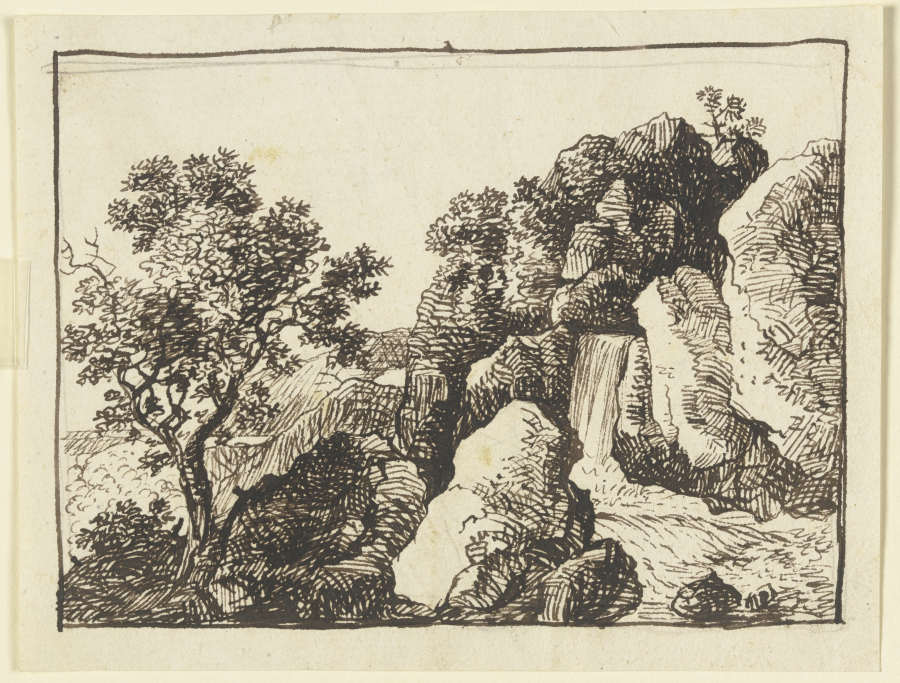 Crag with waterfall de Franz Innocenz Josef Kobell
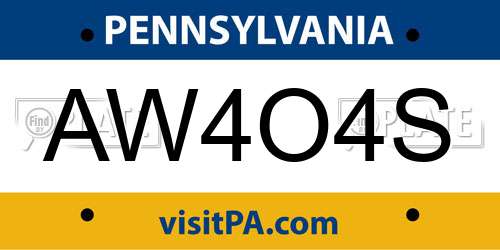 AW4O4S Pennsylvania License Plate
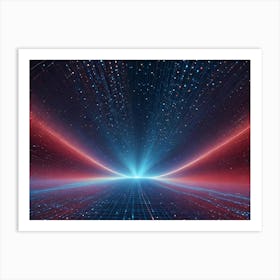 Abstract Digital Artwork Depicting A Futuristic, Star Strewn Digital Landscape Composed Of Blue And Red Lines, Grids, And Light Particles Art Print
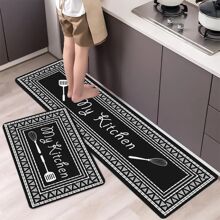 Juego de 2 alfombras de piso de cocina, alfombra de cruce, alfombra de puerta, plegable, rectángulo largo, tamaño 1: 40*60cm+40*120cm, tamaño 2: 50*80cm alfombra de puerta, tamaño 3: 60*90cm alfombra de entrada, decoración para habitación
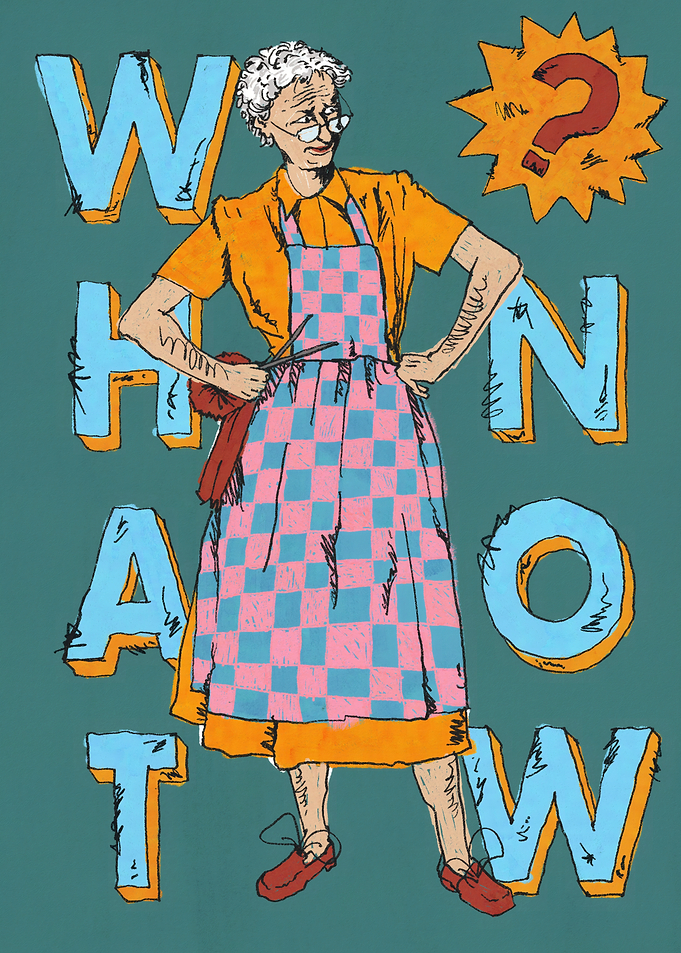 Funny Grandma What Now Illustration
--
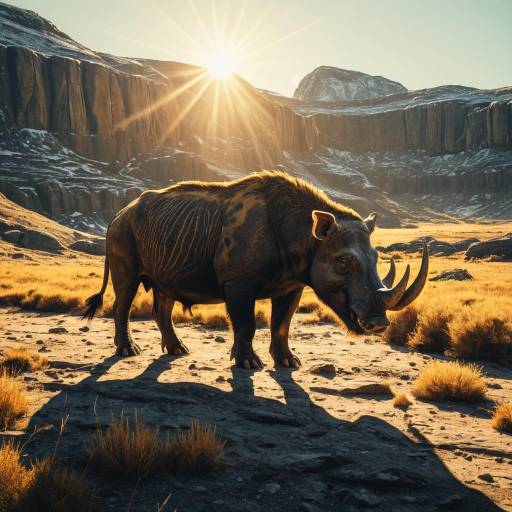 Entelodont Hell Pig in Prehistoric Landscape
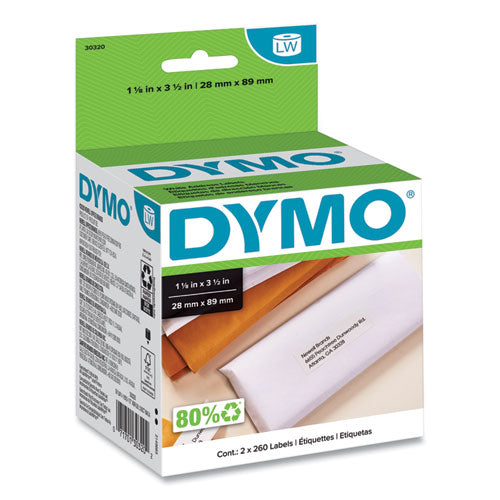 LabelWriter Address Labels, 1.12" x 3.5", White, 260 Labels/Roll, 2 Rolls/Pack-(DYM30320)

_Exercise details_. In the data above, the stretch from the line with "Entelodont Hell Pig in Prehistoric Landscape" through the line with "Labels/Roll, 2 Rolls/Pack-(DYM30320)" is to be returned exactly, minus any pictures.

_The answer_.
 Entelodont Hell Pig in Prehistoric Landscape
 LabelWriter Address Labels, 1.12" x 3.5", White, 260 Labels/Roll, 2 Rolls/Pack-(DYM30320)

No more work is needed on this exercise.